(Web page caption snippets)
....

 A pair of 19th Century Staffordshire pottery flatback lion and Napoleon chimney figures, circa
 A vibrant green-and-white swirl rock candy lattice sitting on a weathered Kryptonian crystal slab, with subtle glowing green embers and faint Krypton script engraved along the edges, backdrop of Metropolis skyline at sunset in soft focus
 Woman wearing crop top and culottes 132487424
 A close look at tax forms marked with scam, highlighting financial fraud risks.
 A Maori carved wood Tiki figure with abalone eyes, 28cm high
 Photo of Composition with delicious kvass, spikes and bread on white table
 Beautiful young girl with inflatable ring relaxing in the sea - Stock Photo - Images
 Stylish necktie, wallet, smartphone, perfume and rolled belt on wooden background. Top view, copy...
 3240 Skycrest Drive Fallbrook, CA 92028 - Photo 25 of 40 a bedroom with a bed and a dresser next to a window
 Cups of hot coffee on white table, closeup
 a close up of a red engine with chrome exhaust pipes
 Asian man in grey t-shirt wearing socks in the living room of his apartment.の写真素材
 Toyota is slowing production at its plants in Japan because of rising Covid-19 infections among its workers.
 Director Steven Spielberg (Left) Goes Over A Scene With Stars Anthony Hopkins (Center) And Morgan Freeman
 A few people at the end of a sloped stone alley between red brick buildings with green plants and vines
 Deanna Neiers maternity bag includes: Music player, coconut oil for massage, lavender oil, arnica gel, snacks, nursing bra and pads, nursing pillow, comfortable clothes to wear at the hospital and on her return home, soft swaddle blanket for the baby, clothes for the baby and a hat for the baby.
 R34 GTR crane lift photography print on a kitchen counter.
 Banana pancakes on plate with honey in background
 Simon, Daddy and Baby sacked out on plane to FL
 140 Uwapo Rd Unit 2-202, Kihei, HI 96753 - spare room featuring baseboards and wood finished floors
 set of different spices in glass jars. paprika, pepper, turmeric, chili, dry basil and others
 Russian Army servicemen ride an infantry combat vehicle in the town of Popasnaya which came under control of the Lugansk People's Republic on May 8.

....

**Work to be completed:** The data given above must be transcribed exactly and completely.

**Solution for this problem:**
 A pair of 19th Century Staffordshire pottery flatback lion and Napoleon chimney figures, circa
 A vibrant green-and-white swirl rock candy lattice sitting on a weathered Kryptonian crystal slab, with subtle glowing green embers and faint Krypton script engraved along the edges, backdrop of Metropolis skyline at sunset in soft focus
 Woman wearing crop top and culottes 132487424
 A close look at tax forms marked with scam, highlighting financial fraud risks.
 A Maori carved wood Tiki figure with abalone eyes, 28cm high
 Photo of Composition with delicious kvass, spikes and bread on white table
 Beautiful young girl with inflatable ring relaxing in the sea - Stock Photo - Images
 Stylish necktie, wallet, smartphone, perfume and rolled belt on wooden background. Top view, copy...
 3240 Skycrest Drive Fallbrook, CA 92028 - Photo 25 of 40 a bedroom with a bed and a dresser next to a window
 Cups of hot coffee on white table, closeup
 a close up of a red engine with chrome exhaust pipes
 Asian man in grey t-shirt wearing socks in the living room of his apartment.の写真素材
 Toyota is slowing production at its plants in Japan because of rising Covid-19 infections among its workers.
 Director Steven Spielberg (Left) Goes Over A Scene With Stars Anthony Hopkins (Center) And Morgan Freeman
 A few people at the end of a sloped stone alley between red brick buildings with green plants and vines
 Deanna Neiers maternity bag includes: Music player, coconut oil for massage, lavender oil, arnica gel, snacks, nursing bra and pads, nursing pillow, comfortable clothes to wear at the hospital and on her return home, soft swaddle blanket for the baby, clothes for the baby and a hat for the baby.
 R34 GTR crane lift photography print on a kitchen counter.
 Banana pancakes on plate with honey in background
 Simon, Daddy and Baby sacked out on plane to FL
 140 Uwapo Rd Unit 2-202, Kihei, HI 96753 - spare room featuring baseboards and wood finished floors
 set of different spices in glass jars. paprika, pepper, turmeric, chili, dry basil and others
 Russian Army servicemen ride an infantry combat vehicle in the town of Popasnaya which came under control of the Lugansk People's Republic on May 8.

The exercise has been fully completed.